Whether the reason for boarding your senior Westie will be a long holiday, a hospital stay, or a family crisis, the boarding information is best researched well in advance of the need. It takes time and effort to put the pieces together and satisfy yourself that Toto will be as comfortable and happy as possible. With the older pet who may not have been separated from the family his whole life, special care is needed. Separation anxiety can cause high stress levels leading to such problems as lack of appetite, depression, behavioural problems and severe degeneration in health. You are not looking for a ‘summer camp’ but more of a caring ‘retirement home’.

Getting Started
In considering a boarding kennel, make a list from those in the yellow pages, and from recommendations of your friends. Spend the necessary time by phone, talking with each one. Then with a short list in hand, you can make the visits to determine your final selection. All kennels are not created equal, and all kennels are not as advertised.

What to Look For
The kennel premises should be very clean, with heated indoor runs as well as large clean outside runs. There should be a knowledgeable ‘dog person’ living on the premises, not just a daytime cleaning staff. Take note of the dogs in residence - do they seem happy, alert, and do they move about easily? Are there any objectionable smells? Do the kennels look carefully maintained? Kennels with large constantly changing populations are loud with the barking of stressed animals - not a good place for any senior dog. Ask if the kennel operator is willing to walk your Westie and perhaps take him inside to sit on a lap for an evening of TV if that is what he is used to. Such ‘extras’ are not possible for big boarding kennels, but small family-run kennels are sometimes happy to do this. Many dog breeders also run small boarding kennels, and are worth checking out even if they are not associated with your breed. If your absence will be more than a week, a trial visit for your Westie could prove very helpful.

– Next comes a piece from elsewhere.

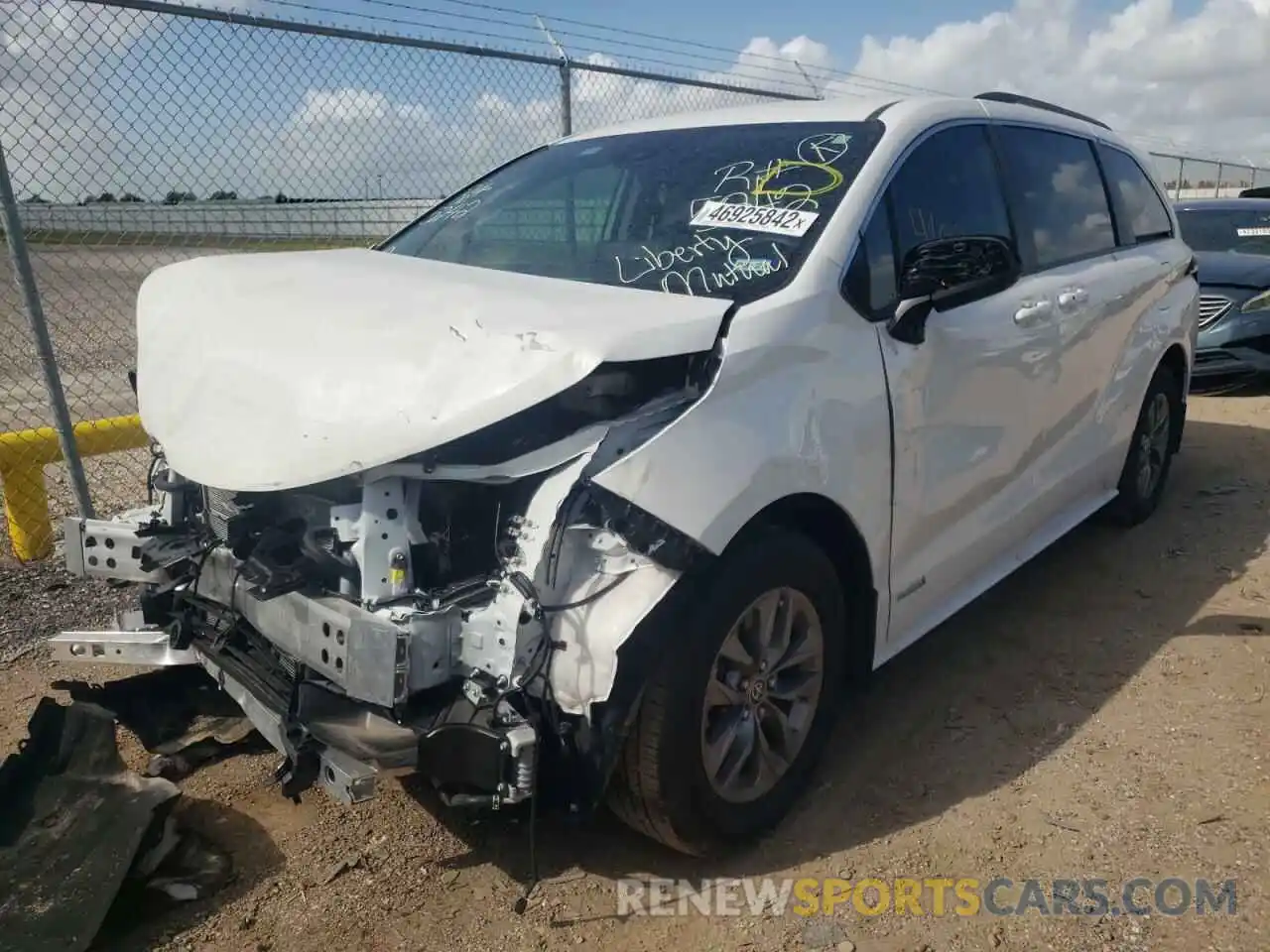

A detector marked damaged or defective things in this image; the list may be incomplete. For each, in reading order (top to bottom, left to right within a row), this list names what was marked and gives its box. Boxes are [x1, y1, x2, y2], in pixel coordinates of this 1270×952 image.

Food, Bedding and Medications
Regarding his food, be sure he takes with him enough of his own food and treats to last the entire time you will be away . That will ensure a happy digestive system. Include instructions on the portion size of the meals, and the times of day at which he usually eats. Supply two sets of washable bedding, using such things as bath towels. These can easily be kept clean and are things from home which will add to his comfort. If he uses a pillow, take that, and any toys he likes - don’t buy new ones - you are trying to change as little as possible for him. As regards medications, arrange to have enough to last his entire stay. There should also be carefully written instructions. Be sure that the kennel person knows how to give medications and is willing to do so.

Emergencies and Where You can be Reached
Give the kennel operator your entire itinerary, and phone numbers where and when you can be reached, as well as the name and phone number of your veterinarian. Be sure all vaccinations are up to date. If your vet is close enough to the boarding kennel, they will use your vet for him in case of emergency. Give your vet information as to where your dog is boarding, how long you will be away, and where you can be reached. If the dog is very old, or very ill, leave instructions with both the kennel operator and the veterinarian as to your wishes should serious surgery, or death occur. Also leave instructions re euthanasia and cremation.

Arrange for Visitors
If you are planning a long trip - say a month or two- ask a friend or family member who knows the dog well to drop by the kennel for a little visit and give your Westie a walk now and then. That person can also keep you posted as to his general physical condition and mental contentment. An occasional call to the kennel will keep you in direct touch and allow input from the operator as to how she feels things are going.

Analyze
On your return, note the condition of your Westie both physically and mentally. His reaction to the experience will be your best gauge of the quality of care he has received.